In [None]:
# Gathering the data

ratings_filename = "dbfs:/mnt/Files/Validated/ratings.csv"
movies_filename = "dbfs:/mnt/Files/Validated/movies.csv"

In [None]:
# Databricks connecting (interact with the filesystems supported by the underlying Databricks cluster)
%fs
ls /mnt/Files/

## 2 Dataframes will be created for analysis
1) movie_based_on_time - final schema (movie_id, name, Year)
2) movie_based_on_genres - final schema (movie_id, name_with_year, one_genre)

In [None]:
# working on movies.csv

from pyspark.sql.types import *

movies_with_genres_df_schema = StructType(
    [StructField('ID', IntegerType()),
     StructField('title', StringType()),
     StructField('genres', StringType())]
)

# dropping the genres, Year will be added later on transformation of df.
movies_df_schema = StructType(
    [StructField('ID', IntegerType()),
     StructField('title', StringType())]
)


In [None]:
# Creating dataframes

movies_df = sqlContext.read.format('com.databricks.spark.csv').options(header=True, inferSchema=False).schema(movies_df_schema).load(movies_filename)
movies_with_genres_df = sqlContext.read.format('com.databricks.spark.csv').options(header=True, inferSchema=False).schema(movies_with_genres_df_schema).load(movies_filename)

## Inspecting Dataframes 

In [None]:
movies_df.show(4, truncate= False) # for Collabrative filtering
movies_with_genres_df.show(4, truncate=False)

In [None]:
# transforming the Dataframes
from pyspark.sql.functions import split, regexp_extract

movies_with_year_df = movies_df.select('ID', 'title',regexp_extract('title', '\((\d+)\)',1).alias('year'))

In [None]:
# inspect dataframes again
movies_with_year_df.show(4, truncate= False)

In [None]:
# from here we can look at the count and find that the maximum number of movies are produced in 2009 
display(movies_with_year_df.groupBy('year').count().orderBy('count',ascending = False))


In [None]:
# again for avoiding the action we are explicitly defining the schema, Time Stamp column dropped
ratings_df_schema = StructType(
    [StructField('userId', IntegerType()), 
     StructField('movieId', IntegerType()),
     StructField('rating', DoubleType())]
) 

In [None]:
# creating the df
ratings_df = sqlContext.read.format('com.databricks.spark.csv').options(header=True, inferSchema=False).schema(ratings_df_schema).load(ratings_filename)
ratings_df.show(4)


In [None]:
# Cache both the dataframes, because to avoid recomputing them each time
ratings_df.cache()
movies_df.cache()

## Global Popularity (note: will discard the movies where the count of ratings is less than 500)

In [None]:
from pyspark.sql import functions as F

# From ratings DF, create a movie_ids_with_avg ratings_df that combines the two DataFrames 
movie_ids_with_avg ratings_df= ratings_df.groupBy('movieId').agg(F.count(ratings_df.rating).alias("count"),
F.avg(ratings_df.rating).alias("average"))
print('movie_ids_with_avg ratings_df:')
movie_ids_with_avg ratings_df.show(4, truncate=False)


In [None]:
# this df will have names with movie_id Make it more understandable
movie_nanes_with_avg ratings_df= movie_ids_with_avg_ratings_df.join(movies_df,F.col('movieID') == F.col('ID')).drop('ID') 
movie_names_with_avg ratings_df.show(4, truncate = False)

In [None]:
# Global popularity
movies_with_500_ratings_or_more = movie_names_with_avg ratings_df.filter(movie_names_with_avg ratings_df['count'] >= 500).orderBy('average', ascending = False)
movies_with_500_ratings_or_more.show(truncate = False)

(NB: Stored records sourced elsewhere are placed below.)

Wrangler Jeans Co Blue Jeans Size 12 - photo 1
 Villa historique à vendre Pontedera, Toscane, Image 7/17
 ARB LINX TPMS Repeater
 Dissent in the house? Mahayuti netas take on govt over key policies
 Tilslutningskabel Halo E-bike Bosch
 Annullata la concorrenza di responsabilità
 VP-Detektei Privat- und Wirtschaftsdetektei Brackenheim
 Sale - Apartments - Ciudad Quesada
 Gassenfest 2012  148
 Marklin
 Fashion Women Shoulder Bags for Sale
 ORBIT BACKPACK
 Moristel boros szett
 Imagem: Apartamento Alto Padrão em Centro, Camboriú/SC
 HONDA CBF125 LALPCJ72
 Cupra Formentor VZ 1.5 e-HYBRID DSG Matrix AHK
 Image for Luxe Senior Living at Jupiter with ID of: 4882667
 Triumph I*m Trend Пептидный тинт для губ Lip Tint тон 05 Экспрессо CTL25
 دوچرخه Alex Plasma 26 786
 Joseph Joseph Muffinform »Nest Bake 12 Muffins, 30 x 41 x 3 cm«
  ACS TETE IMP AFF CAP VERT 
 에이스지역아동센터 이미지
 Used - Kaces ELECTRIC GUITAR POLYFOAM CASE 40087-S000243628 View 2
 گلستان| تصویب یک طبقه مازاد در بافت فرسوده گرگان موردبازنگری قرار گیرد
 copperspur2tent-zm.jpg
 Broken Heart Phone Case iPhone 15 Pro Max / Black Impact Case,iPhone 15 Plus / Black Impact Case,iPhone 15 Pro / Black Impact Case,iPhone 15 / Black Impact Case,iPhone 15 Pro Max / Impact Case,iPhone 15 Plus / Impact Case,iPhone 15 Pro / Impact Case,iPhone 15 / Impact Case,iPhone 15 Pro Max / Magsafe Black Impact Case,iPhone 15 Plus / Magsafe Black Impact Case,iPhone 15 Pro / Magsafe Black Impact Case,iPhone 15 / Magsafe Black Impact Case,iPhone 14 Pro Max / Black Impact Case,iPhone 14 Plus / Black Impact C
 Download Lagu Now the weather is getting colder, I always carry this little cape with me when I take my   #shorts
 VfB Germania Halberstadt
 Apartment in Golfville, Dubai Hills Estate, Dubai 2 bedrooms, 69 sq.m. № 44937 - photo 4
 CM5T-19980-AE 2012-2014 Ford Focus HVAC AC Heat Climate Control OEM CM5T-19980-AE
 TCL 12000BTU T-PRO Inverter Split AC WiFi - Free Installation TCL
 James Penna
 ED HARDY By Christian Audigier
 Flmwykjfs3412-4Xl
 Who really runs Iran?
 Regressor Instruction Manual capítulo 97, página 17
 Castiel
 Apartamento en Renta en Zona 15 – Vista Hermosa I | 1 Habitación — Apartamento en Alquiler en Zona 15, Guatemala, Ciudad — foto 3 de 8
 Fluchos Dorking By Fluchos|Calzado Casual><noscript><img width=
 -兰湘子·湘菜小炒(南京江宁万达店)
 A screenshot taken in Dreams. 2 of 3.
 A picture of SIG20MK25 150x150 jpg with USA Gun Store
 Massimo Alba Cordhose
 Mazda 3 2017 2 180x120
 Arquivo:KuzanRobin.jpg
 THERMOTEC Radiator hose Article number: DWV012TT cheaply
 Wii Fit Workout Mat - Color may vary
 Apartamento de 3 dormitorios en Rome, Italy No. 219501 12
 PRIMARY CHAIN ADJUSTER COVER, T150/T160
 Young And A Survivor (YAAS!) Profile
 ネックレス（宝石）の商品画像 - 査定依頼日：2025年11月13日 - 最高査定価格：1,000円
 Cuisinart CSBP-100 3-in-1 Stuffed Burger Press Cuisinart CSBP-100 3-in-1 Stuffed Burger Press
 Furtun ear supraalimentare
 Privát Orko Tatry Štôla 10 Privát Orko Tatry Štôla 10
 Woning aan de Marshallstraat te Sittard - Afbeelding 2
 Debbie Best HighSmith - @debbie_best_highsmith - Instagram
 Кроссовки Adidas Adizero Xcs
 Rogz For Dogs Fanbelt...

## Splitting in Train, Test and Validation dataset (tune parameters and test accuracy, test(check the final accuracy), validation(optimizing hyperparameters))

In [None]:
# We'll hold out 60% for training, 20% of our data for validation, and leave 20% for testing 

seed = 4
(split_60_df, split_a_20_df, split_b_20_df) = ratings_df.randomSplit([0.6,0.2,0.2], seed)

# Let's cache these datasets for performance
training_df split_60_df.cache()
validation_df = split_a_20_df.cache()
test_df = split_b_20_df.cache()

print('Training: {0}, validation: {1}, test: {2}\n'.format( 
    training_df.count(), 
    validation_df.count(), 
    test_df.count())
)

training_df.show(4, truncate = False)
validation_df.show(4, truncate = False) 
test_df.show(4, truncate = False)

## Alternating Least Square (ALS)

In [None]:
from pyspark.ml.recommendation import ALS 
als = ALS ()

# Reset the parameters for the ALS object. 
als.setPredictionCol("prediction")\
    .setMaxIter (5)\ 
    .setSeed (seed)\ 
    .setRegParam(0.1)\
    .setUserCol('userId')\
    .setItemCol('movieId')\
    .setRatingCol('rating')\
    .setRank (8) #we got rank 8 as optimal

# Create the model with these parameters. 
my_ratings_model = als.fit(training_df)

## Looking for RMSE again

In [None]:
from pyspark.ml.evaluation import RegressionEvaluator
from pyspark.sql.functions import col
# Create an RMSE evaluator using the label and predicted columns
# it will essentially calculate the rmse score based on these columns
reg_eval = RegressionEvaluator(predictionCol="prediction", labelCol="rating", metricName="rmse")
my_predict_df = my_ratings_model.transform(test_df)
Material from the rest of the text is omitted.